A God Table it is typically created to avoid having lots of tables to represent "catalogs" (for example, the catalog of countries, the catalog of states and the catalog of cities are combined in to a single "locations_catalog") sometimes this is used for all catalogs in a system (units of measure, location information, names, valid statuses in the life cycle of other entities and even flavors of ice cream are stored all in the same table), the justification for doing this is that generally all this tables end up being pretty similar (all them have 3 fields: id (primary key), name, description) and sometimes the name is the pk.

I think God Tables are created because of FearOfAddingTables (the relational cousin of FearOfAddingClasses)

A big question about this, is that have seen this "pattern" in huge enterprise systems (like OracleFinancial?) and, while I don't really like creating God Tables, I am not sure if it is a GoodThing or a BadThing.

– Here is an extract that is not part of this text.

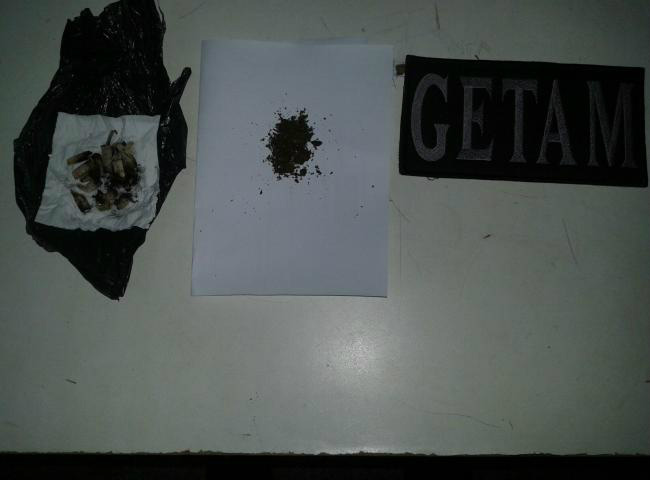 Porções de droga foram encontradas na casa do homem (Foto: Divulgação)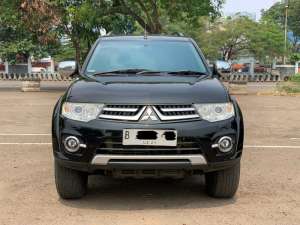 Jual bekas Mitsubishi Pajero Sport Dakar 2013 Hitam,lokasi di Jawa Barat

I do know it goes against Foreign Key verification, because makes you have a GodCatalogId? in your Tables instead of a CountryId? or a FlavorOfIceCreamId?, so I guess it is not a GoodThing, but I would like to know the opinion of the community.

[While a "God Table" is almost invariably a bad idea for the reason noted above, there may occasionally be requirements or restrictions that dictate otherwise. Database and modeling issues should always be carefully considered on a case-by-case basis. Be wary of "one size fits all" directives about modeling!]

I disagree. Lots of small tables often results in artificial separation of concepts that are really more or less the same thing and may grow the same over time. The real world is often hybrid stuff. It fits the philosophy of set theory under which something can be more than one thing at the same time based on shiftable set memberships, something that splitting prevents. One is not forced into hard taxonomies, keeping the system open and flexible. DelayClassification. I've seen messes made by mad splitters and I wanted to slap them. The SQL statements needed kajillion JOINs and UNIONs to do anything, and ran really slow. A virtual separation is easier to code up (and undo) than the other way around. (In my experience it is the other way around)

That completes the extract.